When you transcribe the data below, reproduce every line exactly and leave each picture out.

** Given data **
══════

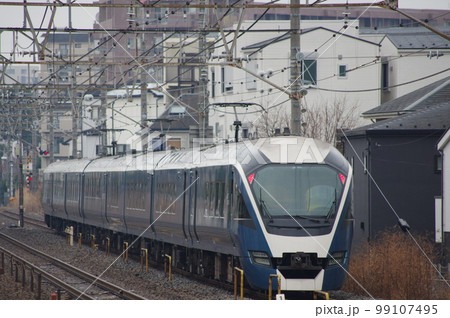東北本線 土呂駅 サフィール踊り子261系回送 東北本線 土呂駅 サフィール踊り子261系回送 99107495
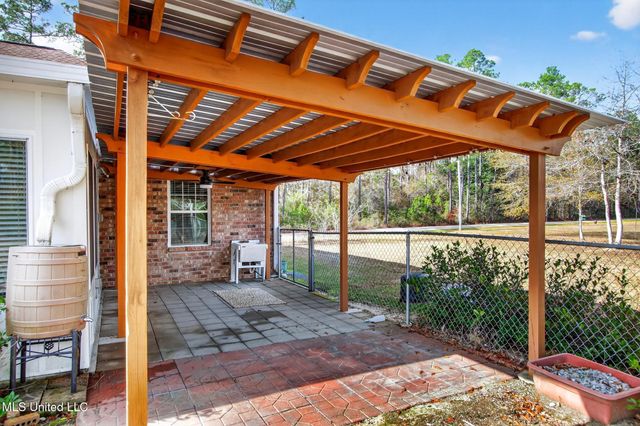 19270 Fenton Dedeaux Road, Kiln, MS 39556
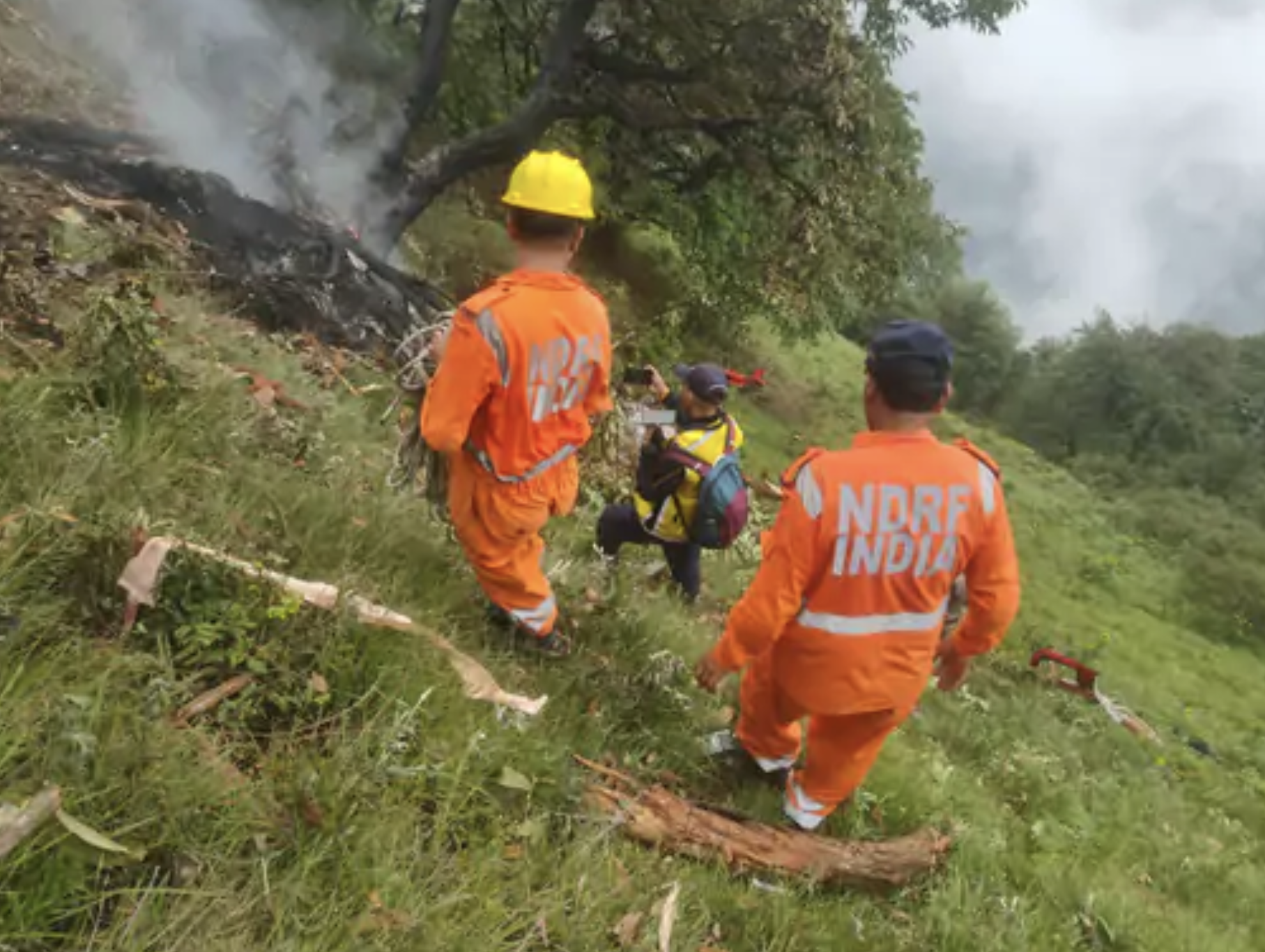 Helicopter crashed on Kedarnath route in Rudraprayag. Photo- Information Department Rudraprayag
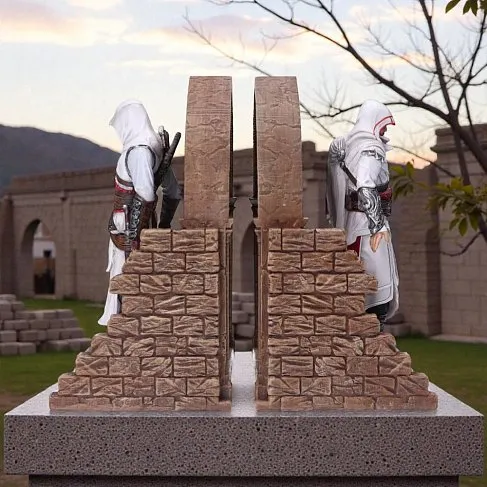 Статуэтка Altair and Ezio — Nemesis Now Assassins Creed Bookends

══════

** Expected output **
東北本線 土呂駅 サフィール踊り子261系回送 東北本線 土呂駅 サフィール踊り子261系回送 99107495
 19270 Fenton Dedeaux Road, Kiln, MS 39556
 Helicopter crashed on Kedarnath route in Rudraprayag. Photo- Information Department Rudraprayag
 Статуэтка Altair and Ezio — Nemesis Now Assassins Creed Bookends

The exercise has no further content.